After I had drafted this critique, I Googled to see if anyone else had blogged about this study. I didn’t find blogs, but I did find extensive media coverage. I was astonished to see that, in discussing implications of this study, one of the authors, Marco Catani, a respected expert in tractography, appeared to be channeling Susan Greenfield. He was quoted as claiming that children’s vocabularies will be restricted by their use of iPads. The newspapers have picked up on these quotes, coming out with headlines such as: “Experts say too much time is spent learning via tablets and computers. Children's vocabulary could be stunted because they listen to teachers and parents less.”  For further sensationalist and misleading accounts, see here and here.

Just to be clear, this was a study looking at structural and functional brain connectivity in relation to a task that involved extracting syllabic patterns from auditory input. It did not feature children, vocabulary learning or iPads.

It really does a disservice to families of children with language learning problems to come out with scaremongering claims about modern technology on the basis of no hard evidence. And, for the record, auditory input is not the only way to learn new words: reading provides an  increasingly important route for vocabulary learning as children grow older.

Reference López-Barroso D, Catani M, Ripollés P, Dell'acqua F, Rodríguez-Fornells A, & de Diego-Balaguer R (2013). Word learning is mediated by the left arcuate fasciculus. Proceedings of the National Academy of Sciences of the United States of America, 110 (32), 13168-73 PMID: 23884655

1 comment:

  1. I saw the newspaper reports of this paper and made a note to look it up this week, so I appreciate this 'primer'. I have nothing to say about the paper at this stage, but I do think that you raise a good point around our engagement with the media in work of this nature.

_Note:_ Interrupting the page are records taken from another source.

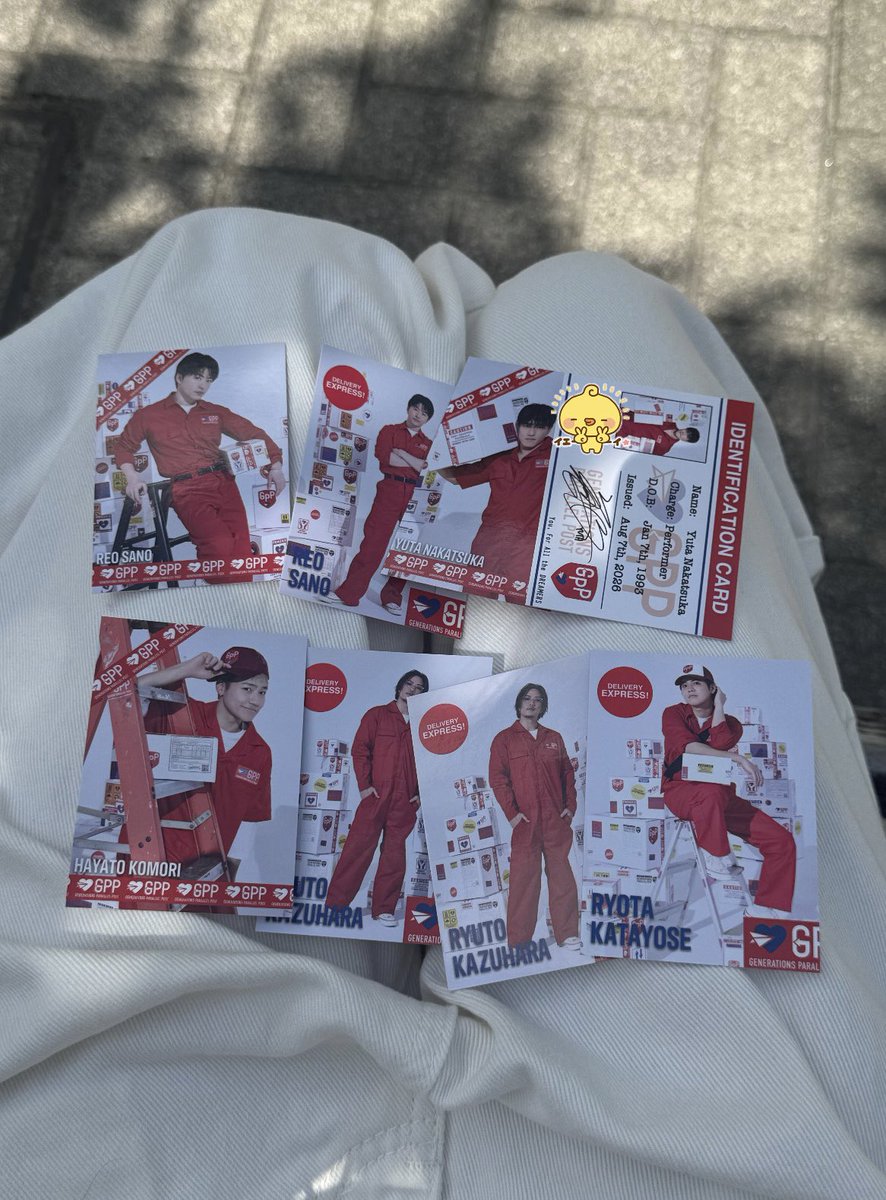 TqnFj's tweet photo. GENERATIONS PARALLEL POST 2026

譲） 画像

求）白濱亜嵐 全身>アップ
シクレはシクレ同士でお願いします🙏🏻

交換 🔄 又は買取

ホール公演予定が合わず参戦できないので、アリーナ公演での手渡しor郵送🙆‍♀️

お心当たりある方♡又はコメントお願いします🙇‍♀️ https://t.co/AReol0lZ99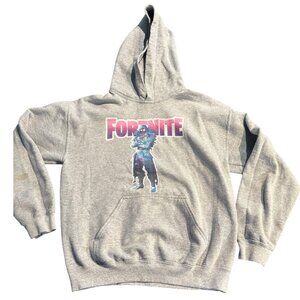 Fortnite the Raven Gildan‎ gamer Hoodie w kangaroo pocket men's M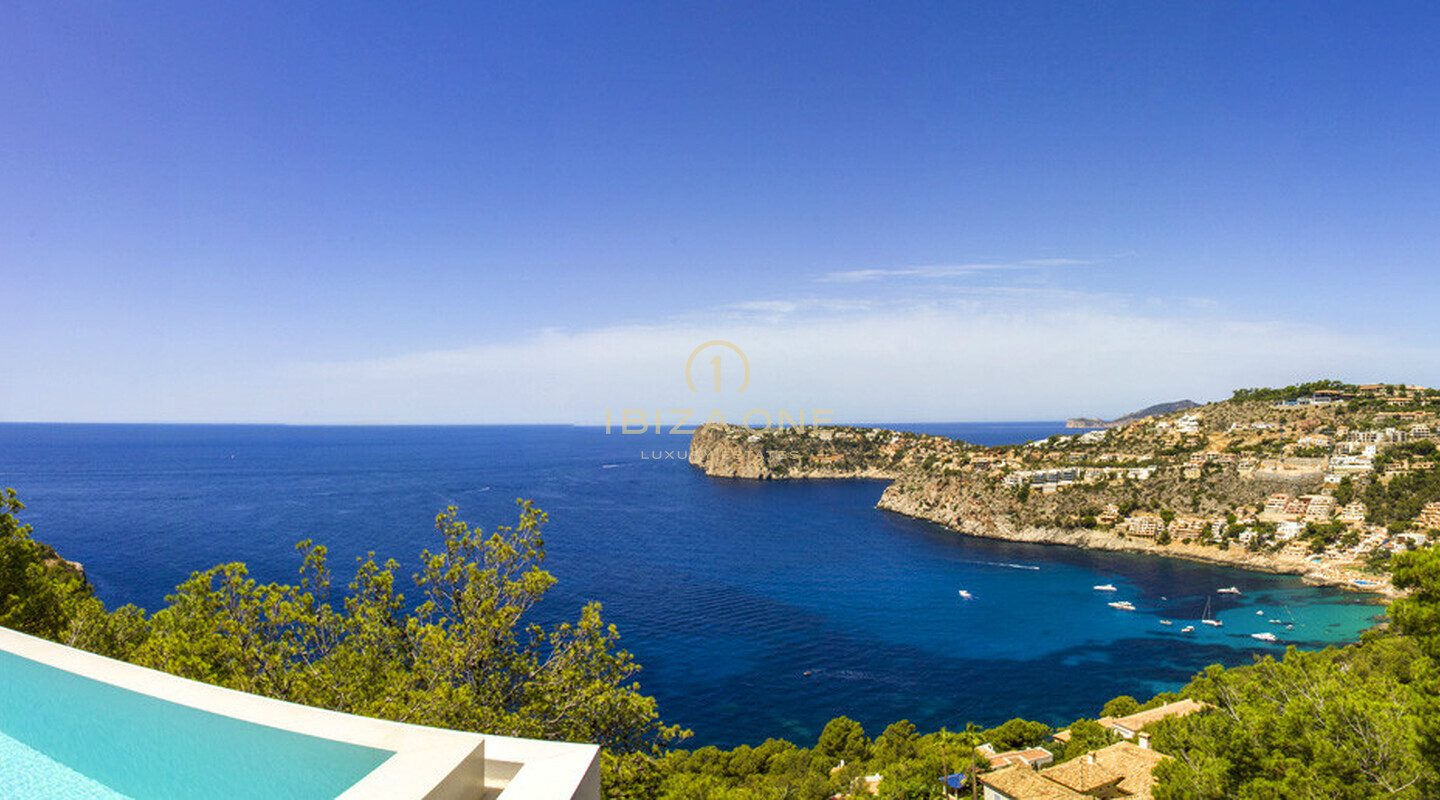 Lussuosa villa con vista mare a Maiorca in vendita, Maiorca - Lussuosa villa con vista mare a Maiorca in affitto, Maiorca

Perhaps as a result of the impact agenda, "media coverage of one's research" is now a criterion for promotion up the professorial scale in my own institution, and I would be surprised if we were alone in this. In order to get our institutional name out there, we are encouraged to work with our media office to put out press releases of our findings, in the hope that the newspapers will bite. But anyone who has tried to work with a press office knows that unless you can make claims about e.g. this work leading to a "cure" for dyslexia, they aren't usually interested. Because of the incentive structure, you end up approving a press release that you are slightly uncomfortable with, and on the off chance the newspapers do pick it up, you can be sure that it will end up much more sensationalist then it originally was ...

    You talk a lot on this blog about perverse incentives these days, which harm the cause of doing good science. My point is that while outreach is definitely valuable (and I love your RALLI page, for example), I do think that some of the incentives around engagement with the media end up doing a great disservice to the general public, as you have shown in this case... and I do feel sorry for poor Marco Catani who must be deeply embarrassed about these headlines.